What does KC have to do different to stop the run?

Nick Athan:They did a decent job Sunday against the Patriots. What's hurting this team right now is the linebackers, who outside of Derrick Johnson, just aren't making enough plays. The same old bugaboo that hurt Napoleon Harris a year ago is hurting Pat Thomas now.

If the front four can't get the job done and the backs escape the line of scrimmage, the linebackers have to fill the gaps. A few times they were out of position against New England. That has to change this week against Oakland.
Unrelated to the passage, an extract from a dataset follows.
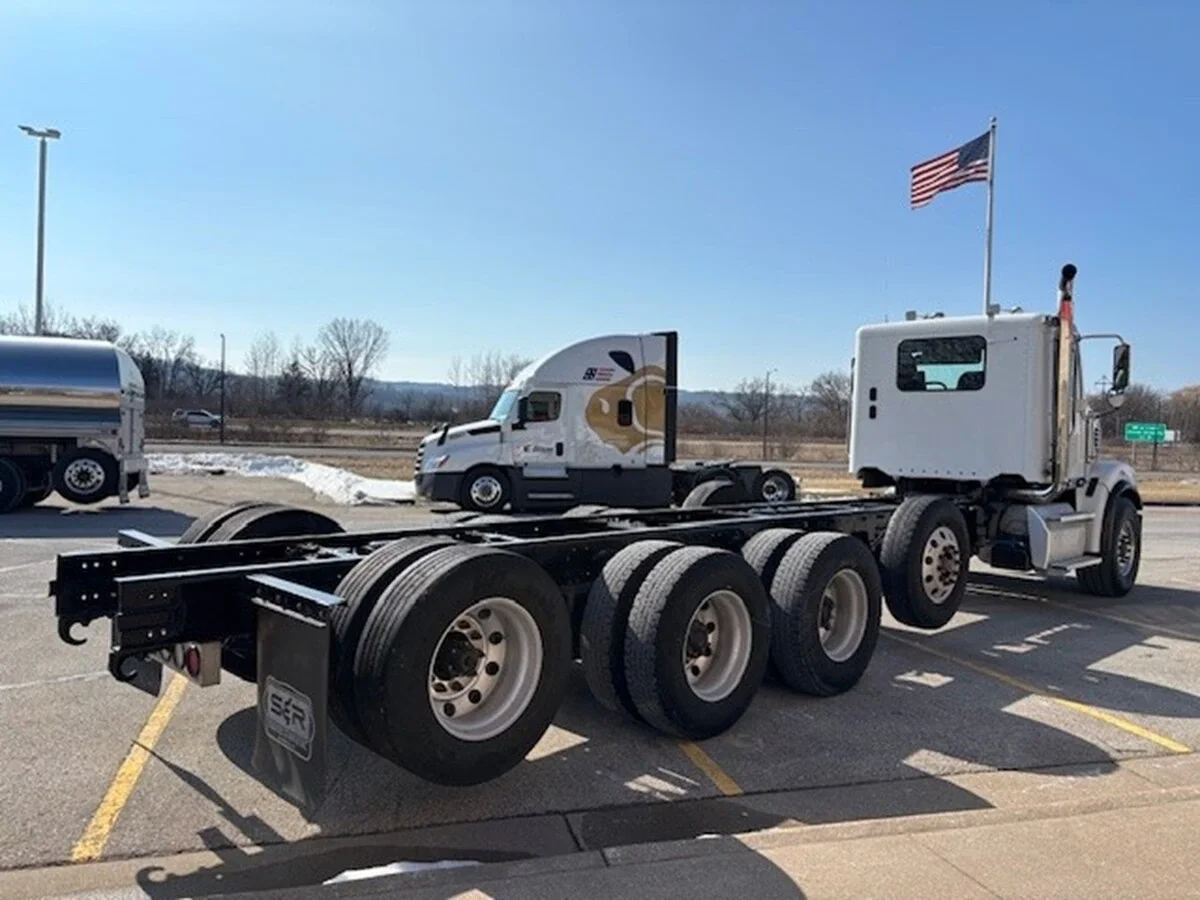 2021 Freightliner 122SD - image 5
Michael Ash: Put eight men in the box this weekend. Not only will the Chiefs probably need it to stop Oakland's running game, you have to take into account that it's JaMarcus Russell's first career start on the road. The Chiefs should do whatever they can to make Oakland's offense one-dimensional and put the pressure on Russell to move the chains. But over the long term, there's not a lot the Chiefs can change, except for the players on the roster. They have to do a better job of filling their gaps and getting off blocks.
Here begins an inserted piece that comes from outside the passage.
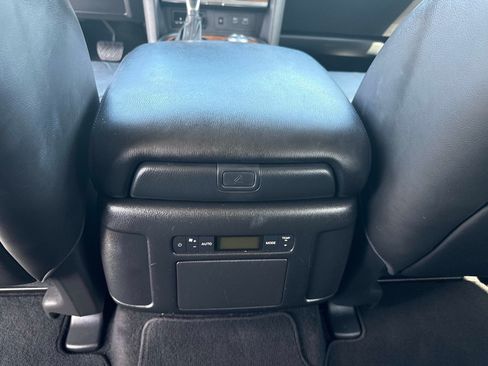 Used 2022 Nissan Armada SL AWD/4WD image 17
C.E. Wendler: Kansas City has solved the years-old problem at defensive tackle. The Chiefs have two great starters in Glenn Dorsey and Tank Tyler, and Alfonso Boone and Ron Edwards are fantastic depth. That group is talented enough to control most offensive lines up front.

Where the Chiefs had trouble last week was in breakdowns at the second level. Sammy Morris and Laurence Maroney both busted big runs that skewed the yards per carry average somewhat. The Patriots got 39 of their 126 yards rushing on two plays. If Gunther Cunningham takes care of that problem, KC's defense will be stuffing the run no problem.

Is Herm going to let Chan Gailey run the offense or is he going to handcuff him as he did Mike Solari? I thought the days of run, run, pass, punt were over?

Is Chan the man with a plan?
Orlin Wagner

Nick: I've racked my brain over the conservative approach and I'm going to stand up on my seat in the press box on Sunday if they run it the same way against Oakland. Last week was Gailey's mulligan, so let's hope we never see that approach again. One of the reasons Croyle is hurt is because of the predictability of the offense. You could see the plays coming before the team broke the huddle.

The Chiefs must not give it away with their personnel. They have to expand the offense. But I do like the fact that Herm Edwards was going to go for two points if they Chiefs scored a touchdown late in the game.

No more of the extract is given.